Em muitas regiões, escasseiam as vocações
ao sacerdócio e à vida consagrada. Com frequência, isso fica-se a dever à falta
de um fervor apostólico contagioso nas comunidades, o que faz com as mesmas
sejam pobres de entusiasmo e não suscitem fascínio. A alegria do Evangelho
brota do encontro com Cristo e da partilha com os pobres. Por isso, encorajo as
comunidades paroquiais, as associações e os grupos a viverem uma intensa vida
fraterna, fundada no amor a Jesus e atenta às necessidades dos mais carecidos.

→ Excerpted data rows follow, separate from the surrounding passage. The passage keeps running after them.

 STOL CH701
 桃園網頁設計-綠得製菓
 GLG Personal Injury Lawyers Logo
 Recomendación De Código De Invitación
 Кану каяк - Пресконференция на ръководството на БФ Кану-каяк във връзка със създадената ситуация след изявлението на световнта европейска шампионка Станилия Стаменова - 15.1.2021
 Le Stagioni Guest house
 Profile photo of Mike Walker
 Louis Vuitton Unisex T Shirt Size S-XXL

Onde há alegria, fervor, ânsia de levar Cristo aos outros, surgem vocações
genuínas, nomeadamente as vocações laicais à missão. Na realidade,
aumentou a consciência da identidade e missão dos fiéis leigos na Igreja, bem
como a noção de que eles são chamados a assumir um papel cada vez mais
relevante na difusão do Evangelho. Por isso, é importante uma adequada formação
deles, tendo em vista uma acção apostólica eficaz.

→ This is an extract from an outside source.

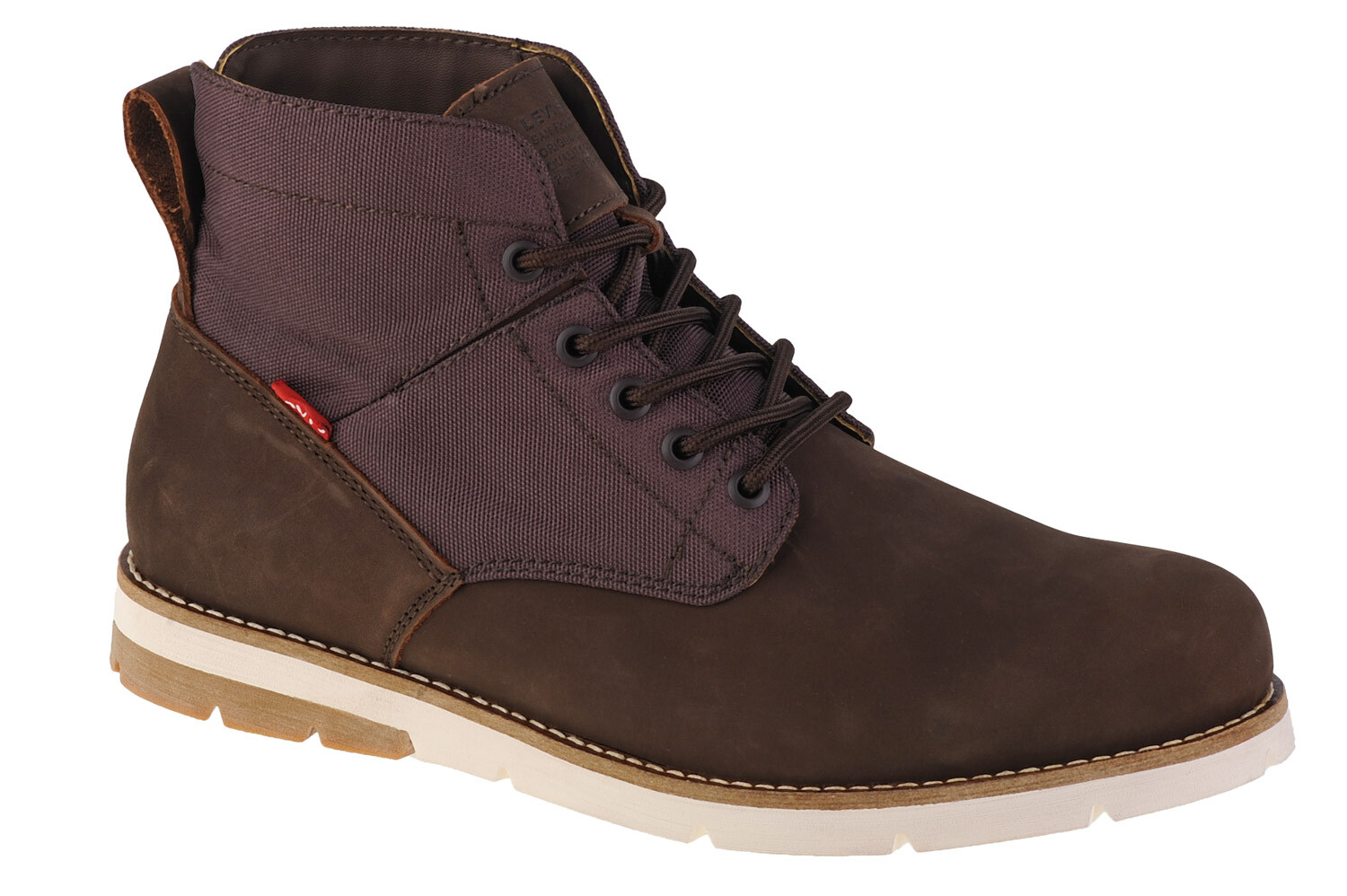 

Сапоги Levi´s Levi's Jax, коричневый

5. «Deus ama quem dá com alegria» (2
Cor 9, 7). O Dia Mundial das Missões é também um momento propício para
reavivar o desejo e o dever moral de participar jubilosamente na missão ad
gentes. A contribuição monetária pessoal é sinal de uma oblação de si
mesmo, primeiramente ao Senhor e depois aos irmãos, para que a própria oferta
material se torne instrumento de evangelização de uma humanidade edificada no
amor.
Queridos irmãos e irmãs, neste Dia Mundial
das Missões, dirijo o meu pensamento a todas as Igrejas locais: Não nos
deixemos roubar a alegria da evangelização! Convido-vos a mergulhar na alegria
do Evangelho e a alimentar um amor capaz de iluminar a vossa vocação e missão.
Exorto-vos a recordar, numa espécie de peregrinação interior, aquele «primeiro
amor» com que o Senhor Jesus Cristo incendiou o coração de cada um; recordá-lo,
não por um sentimento de nostalgia, mas para perseverar na alegria. O discípulo
do Senhor persevera na alegria, quando está com Ele, quando faz a sua vontade,
quando partilha a fé, a esperança e a caridade evangélica.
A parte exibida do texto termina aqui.